Published 03/08/2021, 11:06 AM
Updated 03/08/2021, 11:10 AM
© Reuters. Philadelphia market feels the toll of pandemic uncertainty

(Reuters) - U.S. consumers said they expect to spend substantially more on rent, gas and other essentials over the next year, a sign some people are expecting key costs to rise as the economy continues to heal from the crisis caused by the coronavirus pandemic, according to a survey released Monday by the Federal Reserve Bank of New York.

Consumers said they expect gas prices to rise by a median 9.6% over the next year, up from 6.2% in January. It was the fifth straight month of increase and a new high for the survey, which launched in 2013. Similarly, rent is expected to increase by a median of 9.0% over the next year, up from 6.4% in January.

Respondents also raised their expectations for how much food, medical care and college will cost over the next year.

A drop in coronavirus infections, the distribution of vaccines and expectations for additional fiscal support is raising hopes that the U.S. economy could be poised for a robust recovery this year. Investors expecting stronger inflation are moving into riskier assets, leading to a rise in long-term Treasury yields.

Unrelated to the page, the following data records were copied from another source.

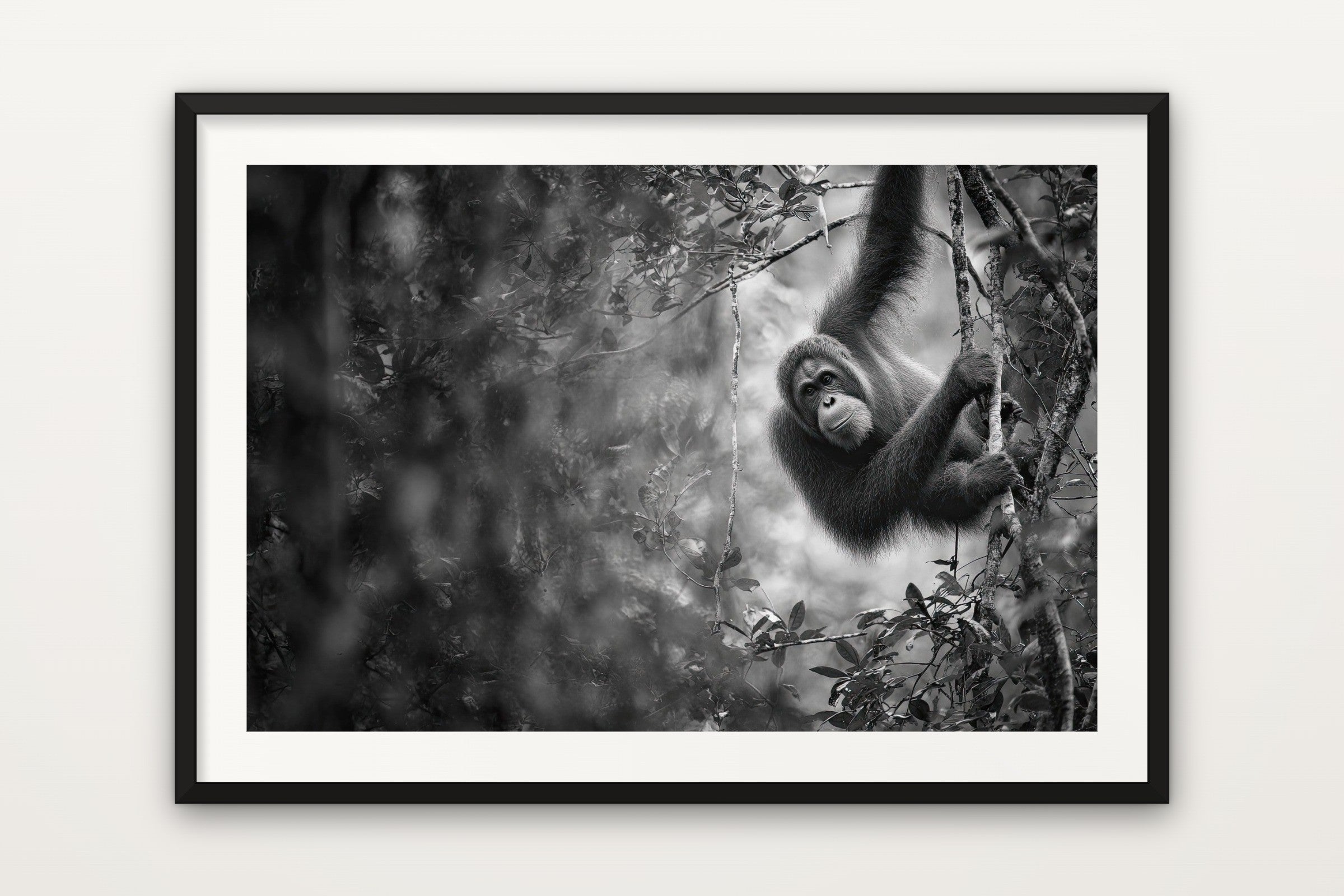 Orangutan II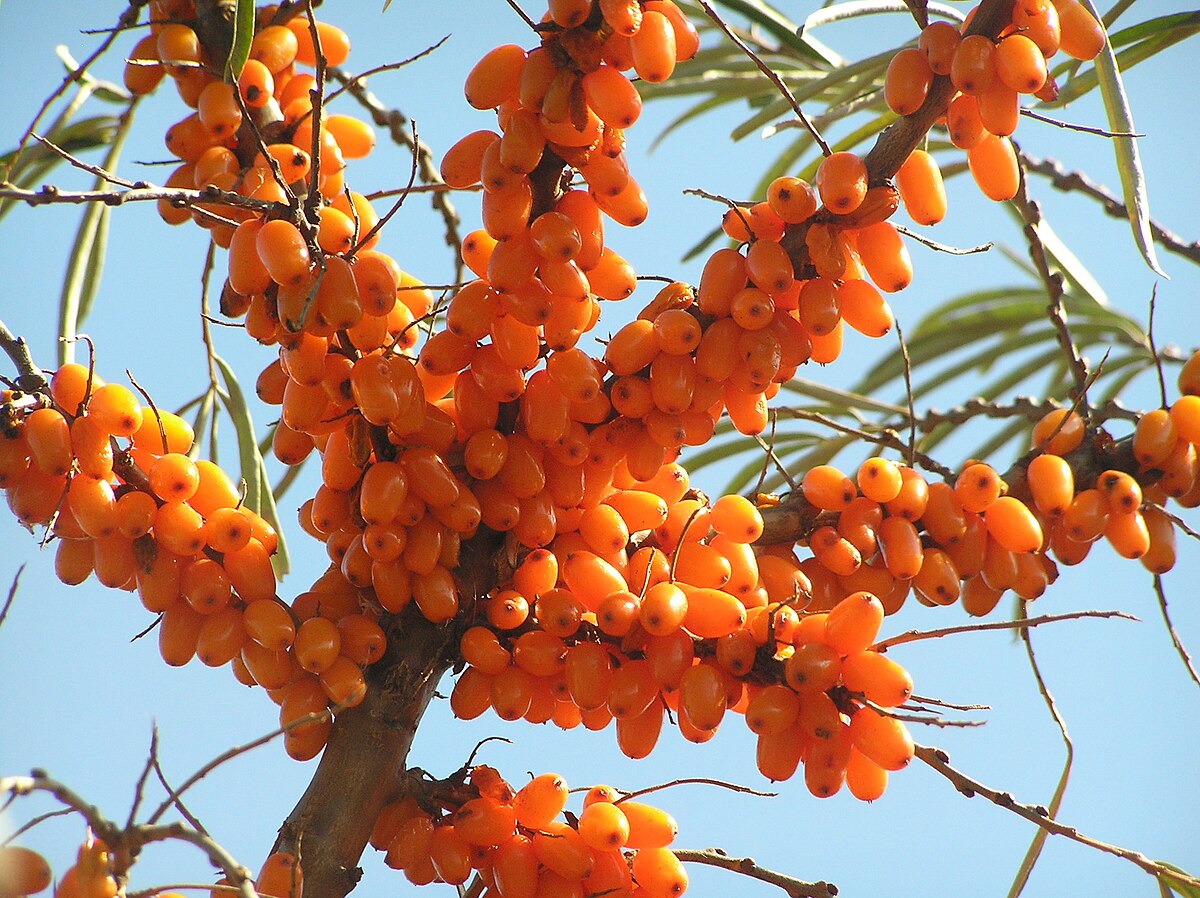 Sea Buckthorn – Nutrient-Packed Superfruit with a Tangy Twist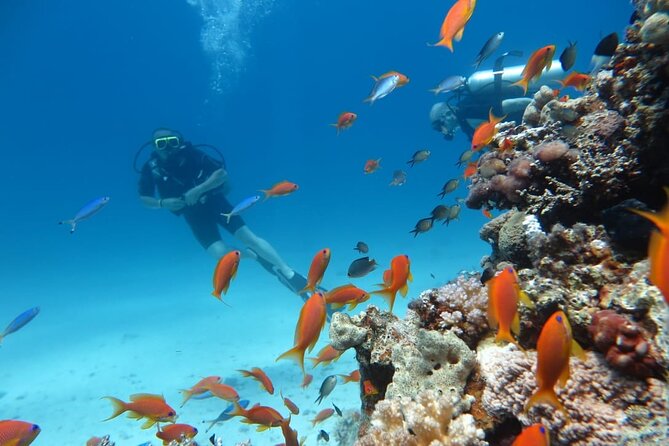 Intro Scuba Diving - Upgrade Opportunities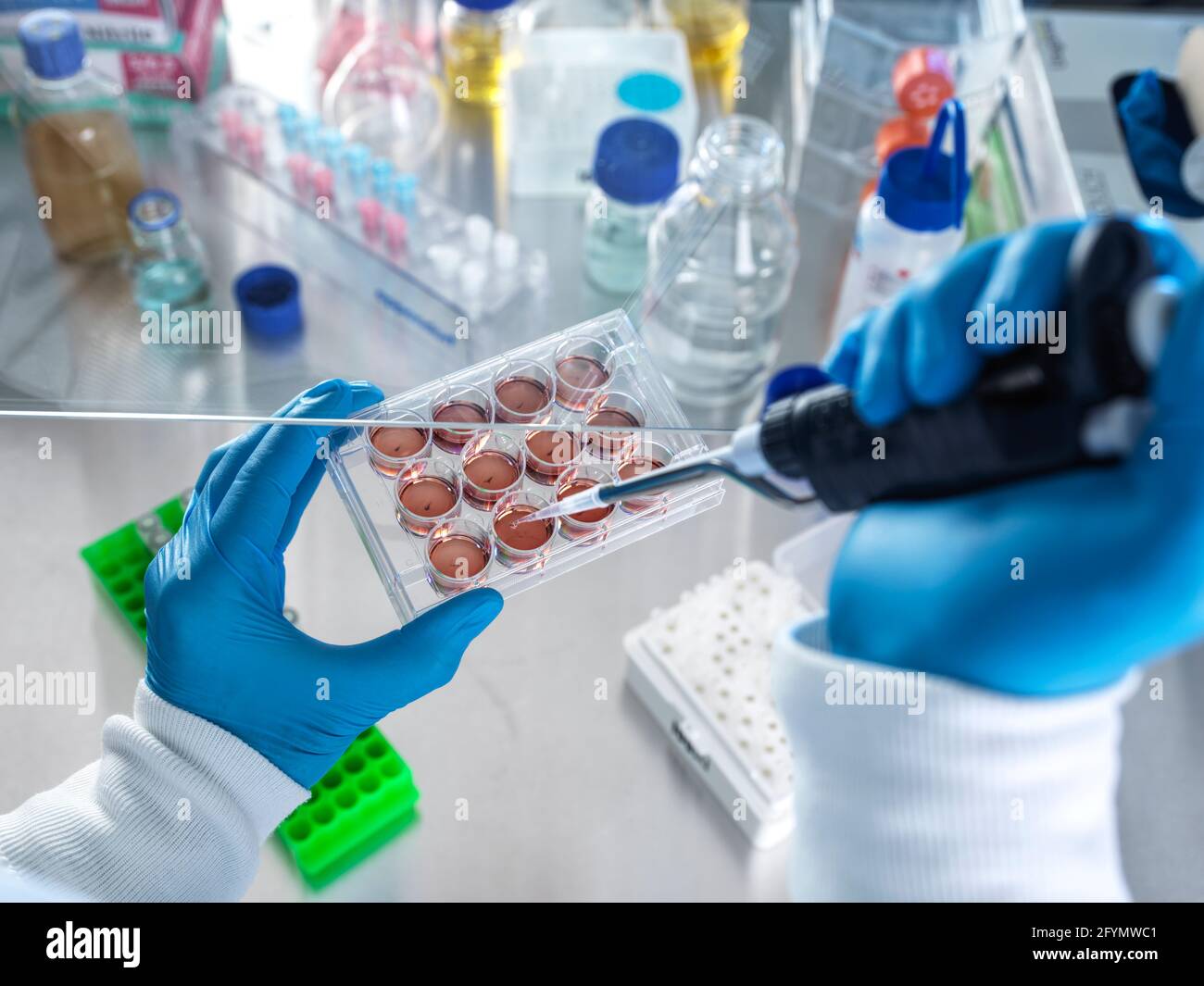 Cell biology research Stock Photo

Some investors worried about inflation have speculated the Fed would move to lower long-term borrowing costs by adjusting its bond-buying program. But Fed officials signaled last week that they view the rise in long-term yields as a sign of growing optimism about the economy and do not expect to adjust monetary support in the near future. Fed officials will meet again for a policy-setting meeting on March 16 and 17.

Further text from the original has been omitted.